Particular care needs to be exercised if the scheme allows Received
headers to use UTF-8, since such headers may need to be examined in their
downsized form at intermediate sites. Requiring the Received header to
remain in all-ASCII (by downsizing all domains using IDNA and omitting the
FOR field if necessary) is an alternative strategy.
1.3 There SHOULD be a new header to be included in all i18n-extended
messages. This will be referred to as the "Foobar-header" for now, since
its exact significance will depend on the particular scheme, and it is not
clear at this stage what additional parameters and features it might
require. Its purpose is to enable other agents that receive the it and
need to do special processing on i18n-extended messages to enter their
special processing mode (or, more particularly, to avoid doing so with
normal all-ASCII messages, thus avoiding the necessity to scan every
message looking for an 8th bit set).
1.4 Headers defined by other standards might be extended in similar ways.
For example:
a) parameters, as they arise in Content-Type and other MIME headers,
with downsizing according to RFC 2231;
b) if the scheme is extended to Netnews, newsgroup-names, as in
Newsgroups-headers.
But
z) tokens might be better left in ASCII for now.
1.5 It is expected that additional UTF-8 extensions to headers will be
defined over time. The infrastruture of the scheme MUST be able to
accomodate all such extensions.
1.6 For cases where there is no downsizing specified, there MUST be a
fallback downsizing suitable for all cases (this will likely be some form
of encapsulation). This downsizing is to be used where either none was
specified for some particular header, or where the agent performing the
downsizing was unaware of the proper downsizing for that header (but had
presumably detected the presence of UTF-8 characters).
1.7 Where the fallback downsizing method consists of encapsulation of the
entire message, the scheme MUST specify the headers to be included in the
wrapper message (naturally, these will include a Content-Type header
indicating the method of encapsulation). In particular, it must be made
clear whether the wrapper message is to be sent to the final recipient of
the enclosed message, or whether it is to be sent to some special address
(e.g. ***@recipient's-domain) where the encapsulation can be undone
prior to final delivery.
Observe that a minimal instantiation of this model would use the fallback
downsizing for all cases, although this would give poor robustness where
the receiving party was not suitably prepared.
2. RFC 2821
2.1 It is in the nature of this model that at least the end-point MTAs
will need to be upgraded. SMTP servers MUST therefore advertize (in
response to EHLO) one or more service extensions such as the following,
which we provisionally label for the purposes of this model:
UTF-8-HEADERS for use when the i18n-extended message contains UTF-8
characters in one or more of its headers.

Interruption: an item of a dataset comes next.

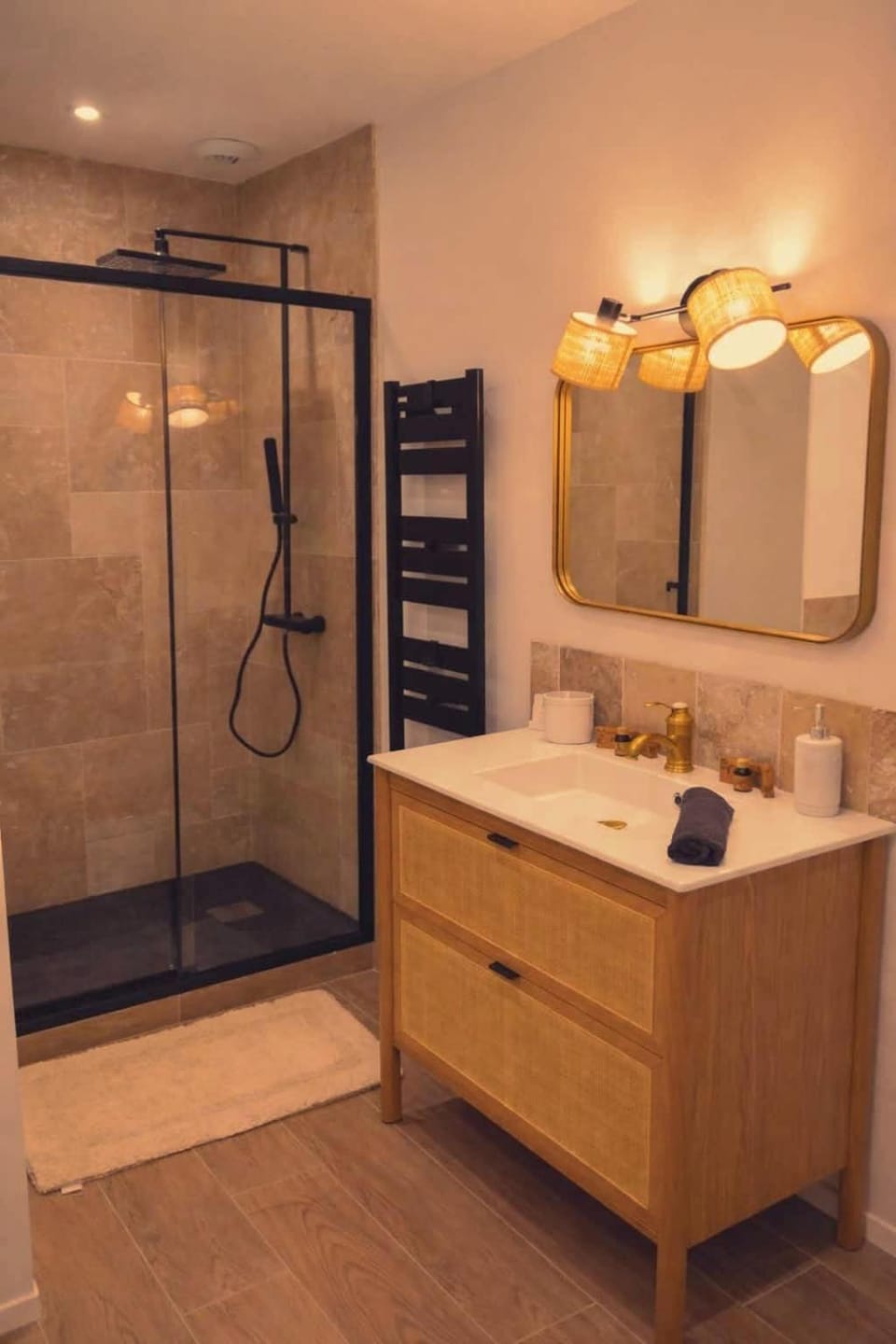 Appartement chaleureux avec balnéothérapie Apartment in Centre-Val de Loire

UTF-8-ENVELOPES for use when either or both of the FROM and RCPT
addresses includes UTF-8 characters.
There might in fact be only one extension advertized encompassing both
these purposes, but it is convenient to distinguish between them for the
purposes of this model.
It might be appropriate to insist that, if either of these extensions is
offered, 8BITMIME must be offered as well.

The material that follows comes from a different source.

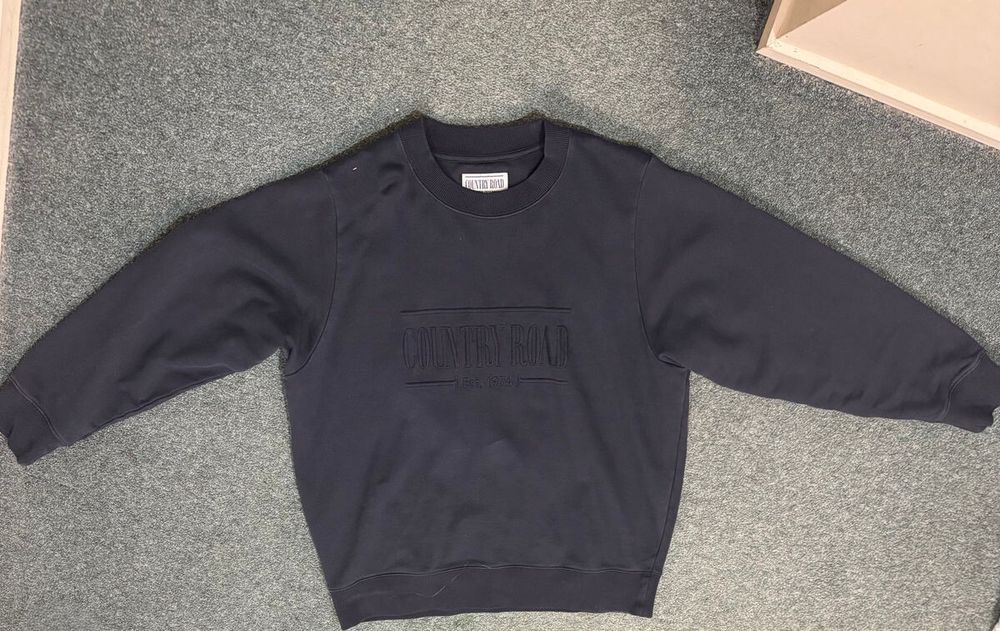 Country Road Crew Neck Navy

2.2 Clearly, at the very least, upgraded servers MUST be "8bit-clean" as
regards transmission of headers, and SHOULD be 8bit-clean as regards
headers in MIME body parts and message/rfc822 headers (though this is
pretty well guaranteed if 8BITMIME is supported).
2.2 Each originating MUA and each extended MTA MUST NOT offer an
i18n-extended message to an SMTP server unless that server advertizes the
apropriate extension (failure to observe this removes any guarantee that
the message will not be garbled or lost en route).
2.3 The "normal" operation of any scheme will be where all the MTAs
between Alice and Bøb have been extended, and the message can pass through
the chain without downsizing or other modification, just as all-ASCII
messages do at the present time. It is expected that systems will be
optimized for this normal case, and thus there will be a performance
penalty wherever downsizing or upsizing is needed.
2.4 It is the responsibility of any server offering these extensions to
ensure that any i18n-extended message that is received is either:
a) forwarded to another extended server that will honour that
responsibility, or
b) downsized so that it may be forwarded over servers compliant with
the current standards, or
c) delivered to the mailbox of the ultimate recipient, in a format
understood by that mailbox, or
d) bounced up the Return-Path.
A server cannot be expected to know the capabilities of the ultimate MUA
of the recipient (if only because recipients tend to use different MUAs on
differnet occasions, as when accessing their mailboxes from different
hosts). Therefore, the servers responsibility ends when the message is
safely stored in the proper mailbox.
2.5 If a server advertizes the UTF-8-HEADERS capability and the message is
to be forwarded to a server not advertizing that capability, it MUST
either downsize the message using one of the downsizing mechanisms
provided by the scheme, or else it MUST bounce the message.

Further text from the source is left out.